Linda Little

October 11, 2005

Oct. 11, 2005 (Washington) — The age-old problem of colic in infants may be more a result of a crying reflex than gastrointestinal upset, a California pediatrician told attendees here at the American Academy of Pediatrics National Conference and Exhibition.

An infant's crying, which can last from minutes to hours, may actually be the result of missing the constant noise and stimulation of the womb, said Harvey Karp, MD, an associate professor of pediatrics at the University of California at Los Angeles Medical School. "This may be the solution to a 3,000-year-old medical mystery of what causes colic."

A new system that involves the five S's — swaddling, side/stomach positioning in the parents' arms, shushing, swinging, and sucking — can calm most crying infants, Dr. Karp said. This activates the baby's calming reflex during the first three to four months of life by mimicking experiences in the uterus.
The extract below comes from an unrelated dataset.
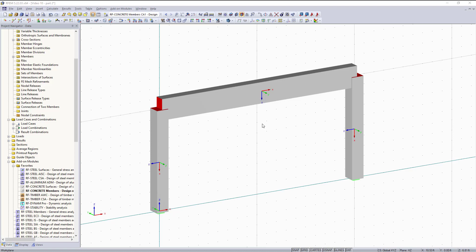Hi, this is part 2 of video 10 and in this video I will be continuing our journey through the RF Concrete Members Add-On Module. More specifically I will be diving into the results produced after you fill out the input data and hit calculate. So let's get started.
Most infant crying is not due to an emergency, but the baby's need for attention, he said.

In his theory, infants are evicted from the womb before their "fourth trimester," before they are fully developed, Dr. Karp said. "In many ways, newborns aren't ready for the world at birth and need that fourth trimester for gentle stroking, holding, and shushing."

Past studies have shown that the average infant at six weeks of age cries about 3.5 hours a day, he said. "This results in nursing problems, marital stress, postpartum depression, unnecessary emergency room visits, and shaken baby syndrome.

It has been thought for years that the main cause of colic in infants was due to gastrointestinal problems, but this may not be true, Dr. Karp said. Colic appears to stop after three months and in preterm infants it usually does not begin until two weeks after the due date.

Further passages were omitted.